* What you need to do *
Your answer should be the full data, transcribed exactly, with no pictures in it.
------ Given information
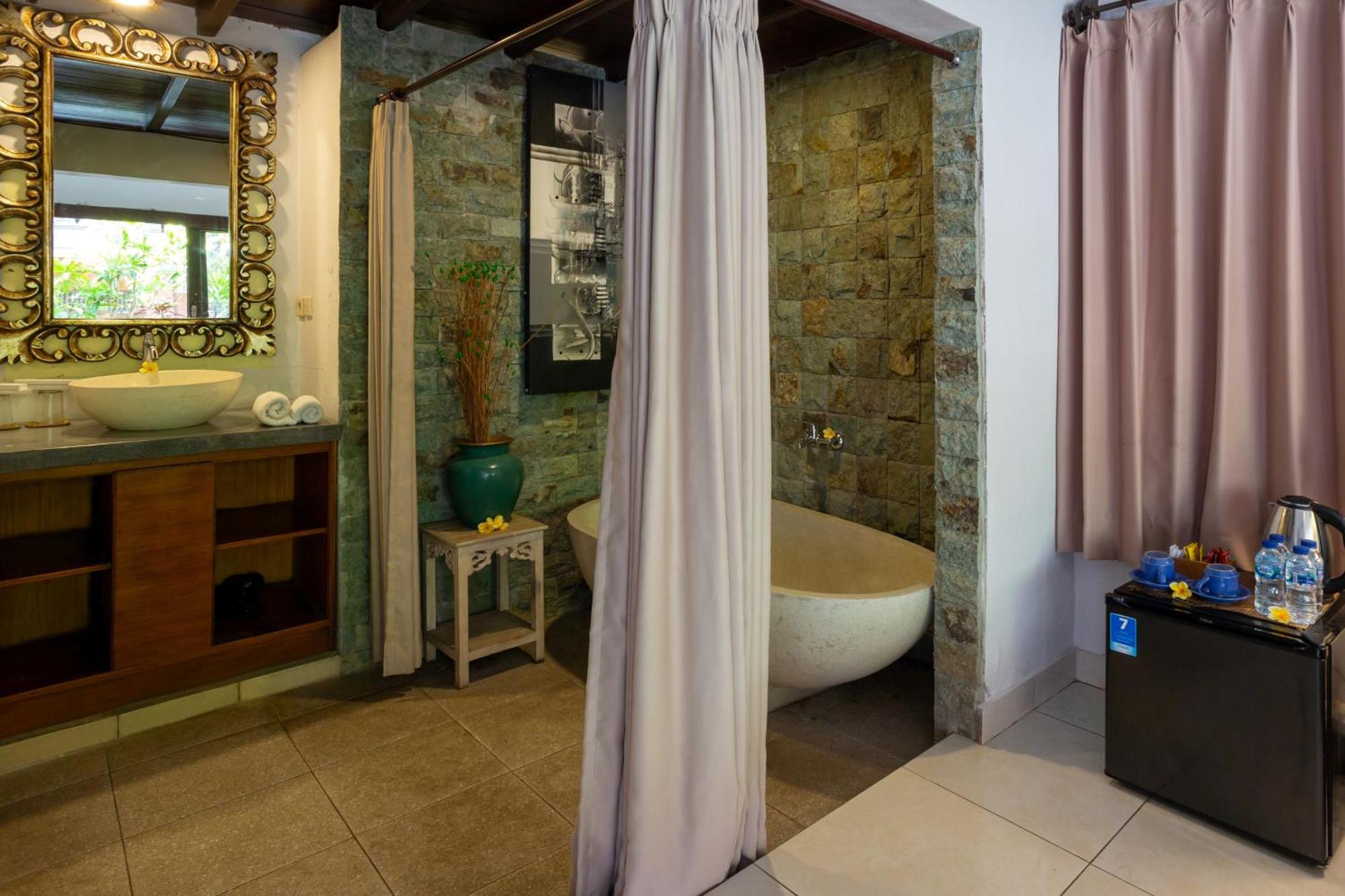 Rahayu Suites Monkey Forest Ubud Стая снимка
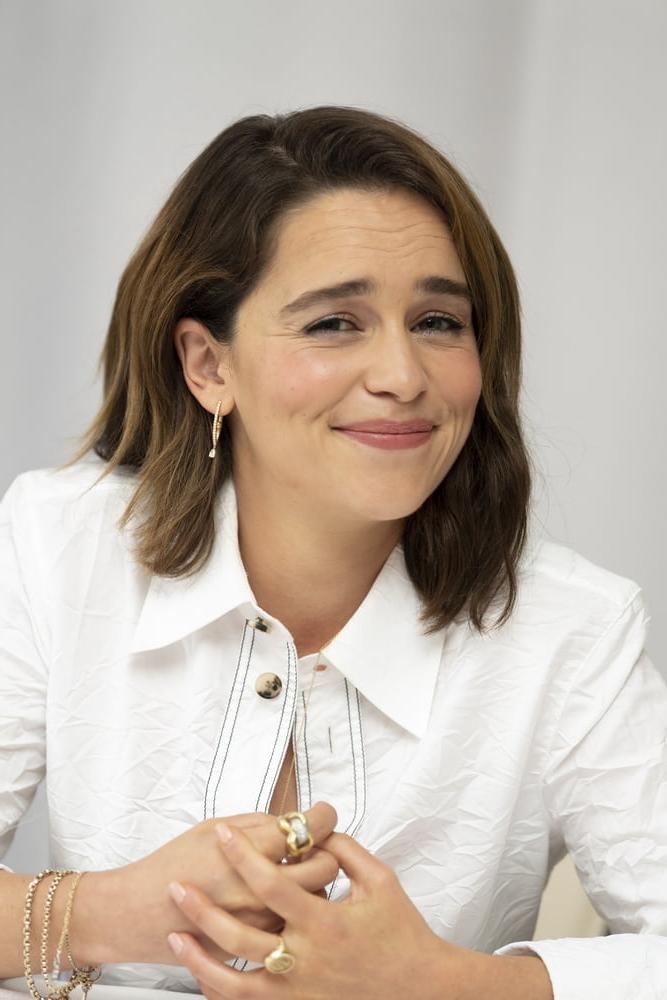11P Emilia Clarke pulling lots of cute faces 2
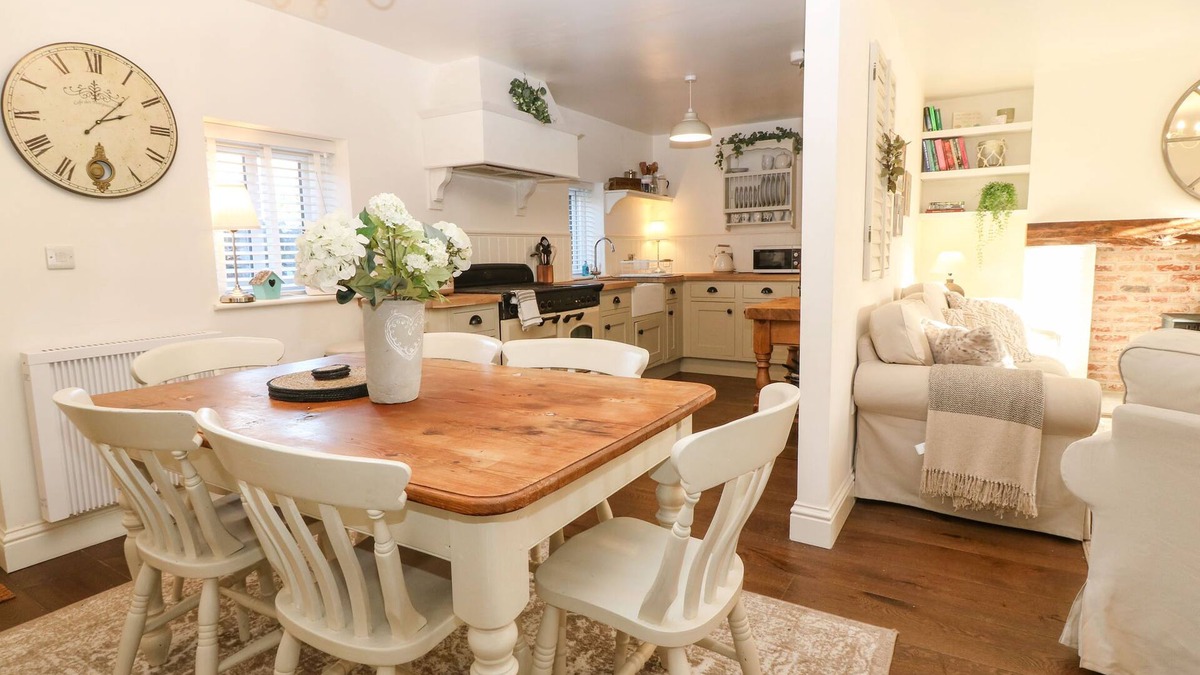 Beaumaris Cottage | Brook Cottage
------------
* Expected output *
 Rahayu Suites Monkey Forest Ubud Стая снимка
11P Emilia Clarke pulling lots of cute faces 2
 Beaumaris Cottage | Brook Cottage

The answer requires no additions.